EXERCISE DESCRIPTION:
Please copy exactly the lines from the one containing "Flettet elastisk armbånd" to the end of the entries, both included, and nothing else. Omit every picture.

DATASET EXCERPTS:

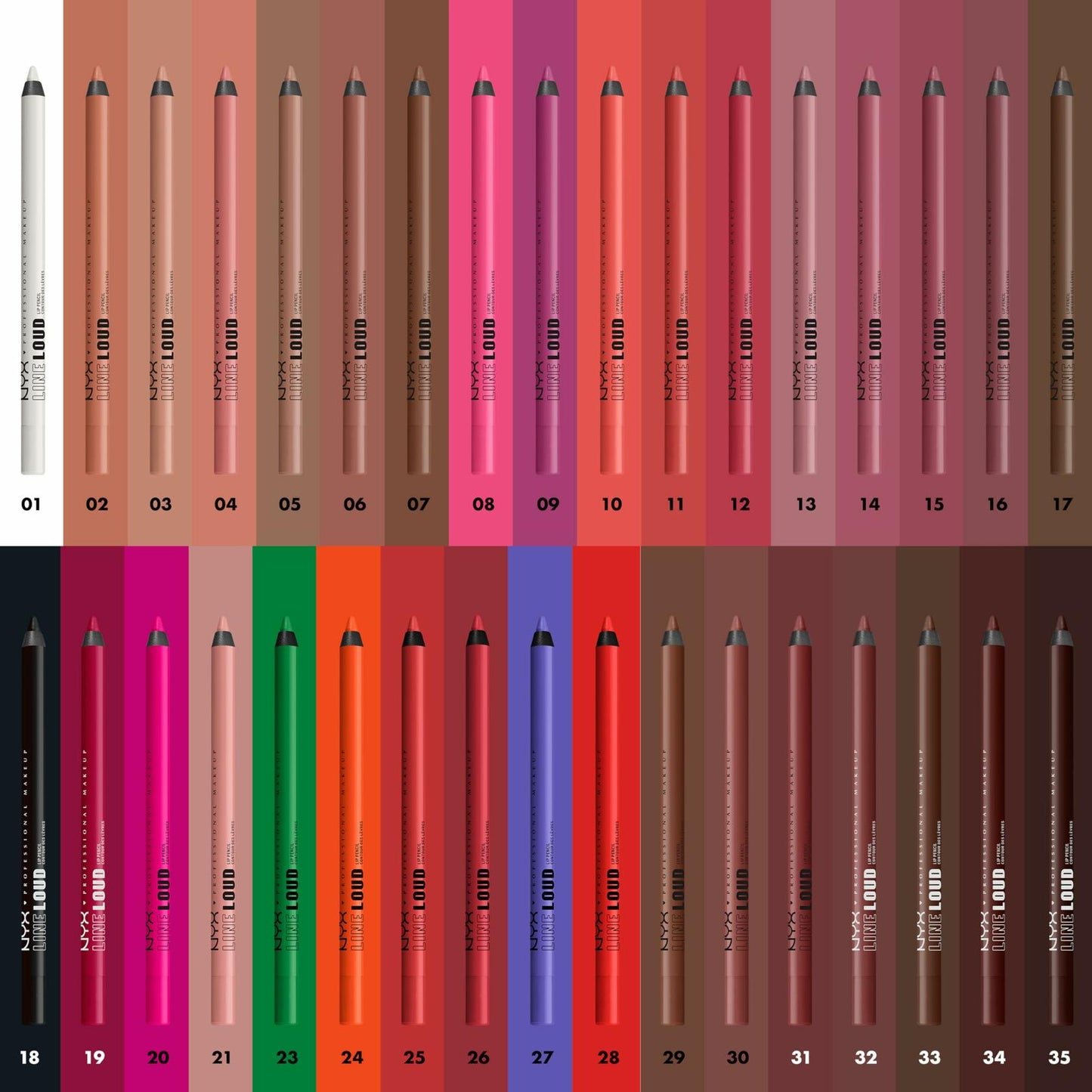 NYX PROFESSIONAL MAKEUP Line Loud LipLiner Longwear Pigmented TooBlessed 0.042oz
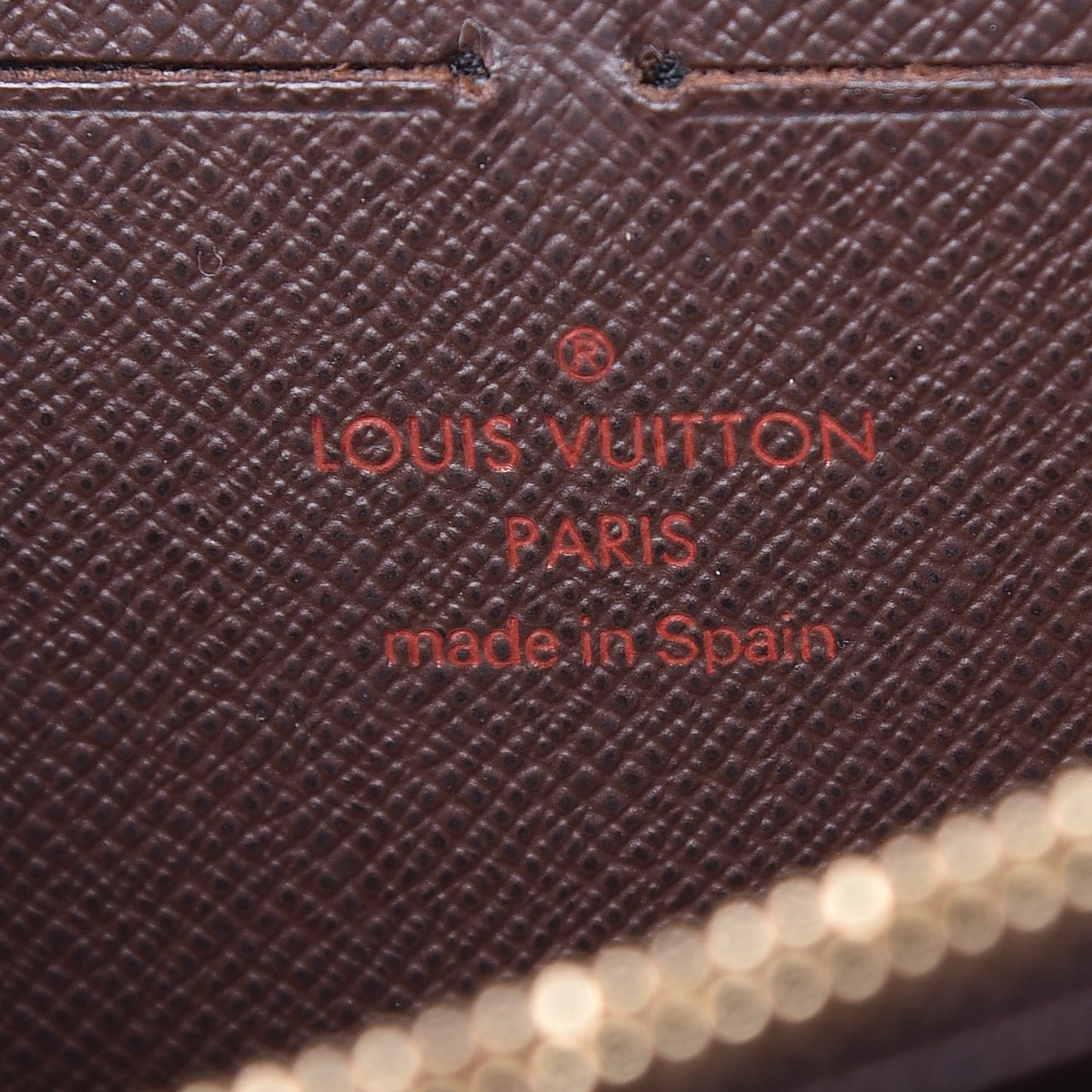 Damier Ebene Zippy Wallet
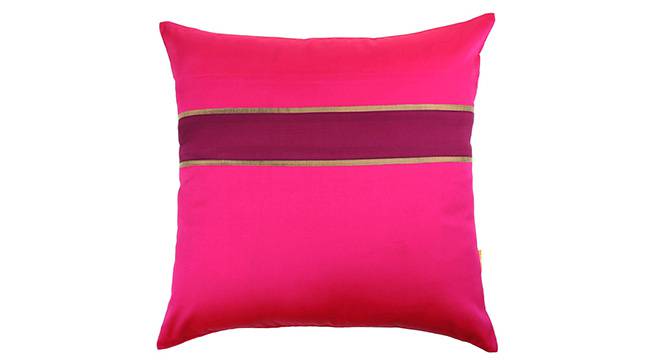 Rune Cushion Cover - Set of 5 (41 x 41 cm  (16" X 16") Cushion Size, Fuchsia) by Urban Ladder - Design 1 Details - 320205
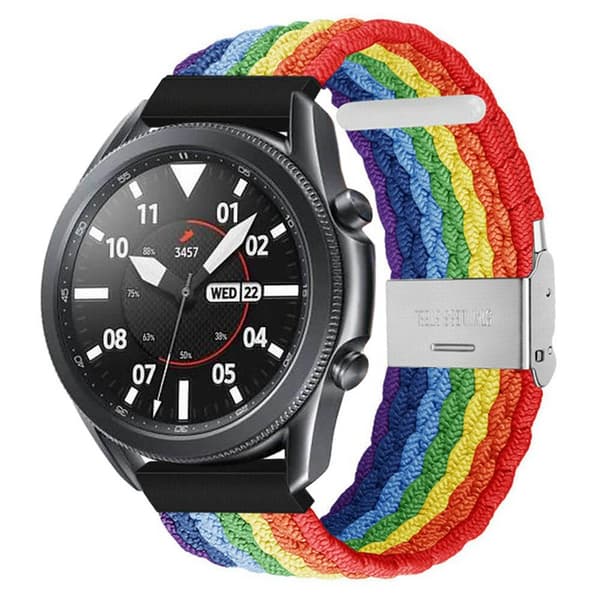 Flettet elastisk armbånd Samsung Galaxy Watch 3 (45mm) - Pride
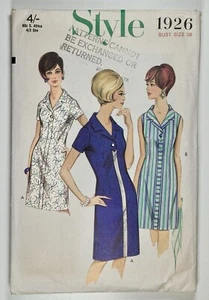 60er Jahre Vintage Schnittmuster Style 1926 Misses Etuikleid Büste 38” - Bild 1 von 4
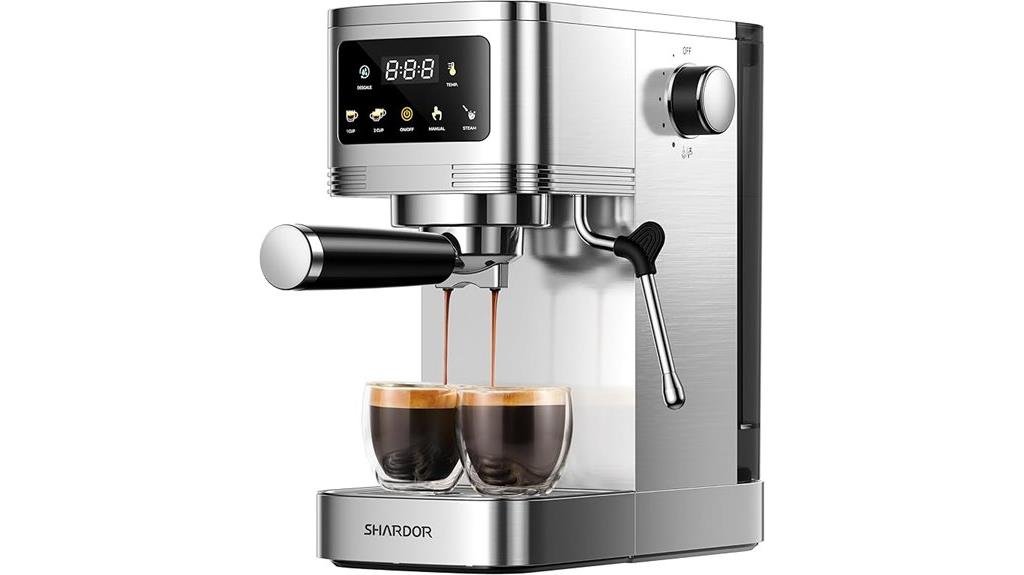 shardor espresso machine evaluation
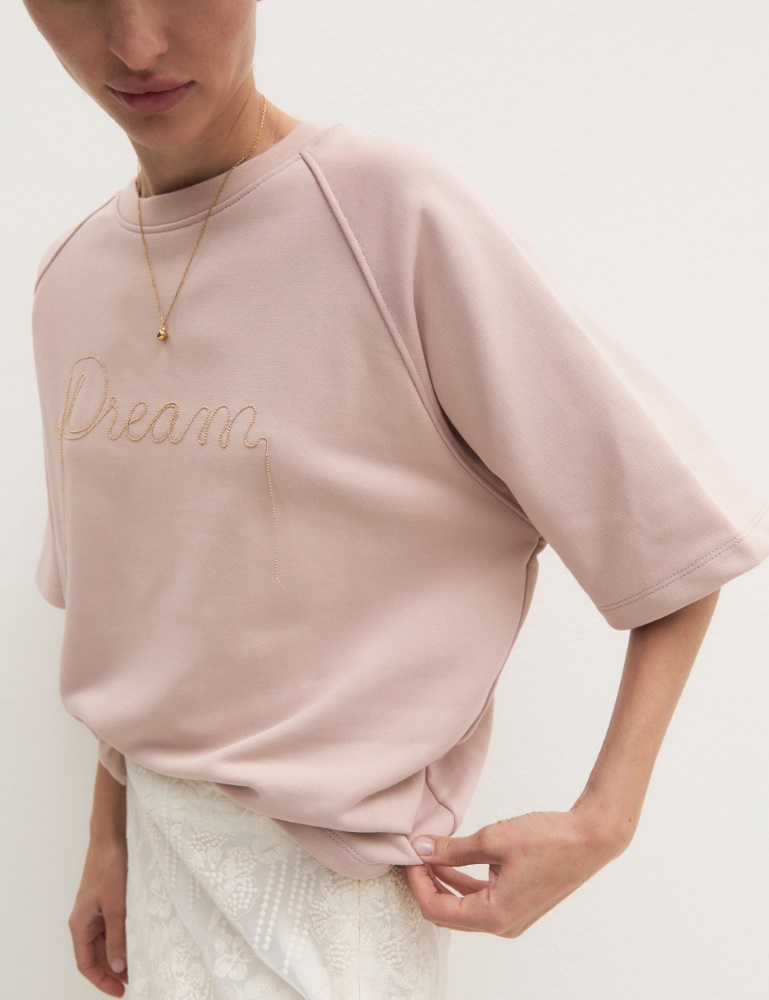 Oversized embroidered sweatshirt - Emme - 7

RESPONSE BELOW:
 Flettet elastisk armbånd Samsung Galaxy Watch 3 (45mm) - Pride
 60er Jahre Vintage Schnittmuster Style 1926 Misses Etuikleid Büste 38” - Bild 1 von 4
 shardor espresso machine evaluation
 Oversized embroidered sweatshirt - Emme - 7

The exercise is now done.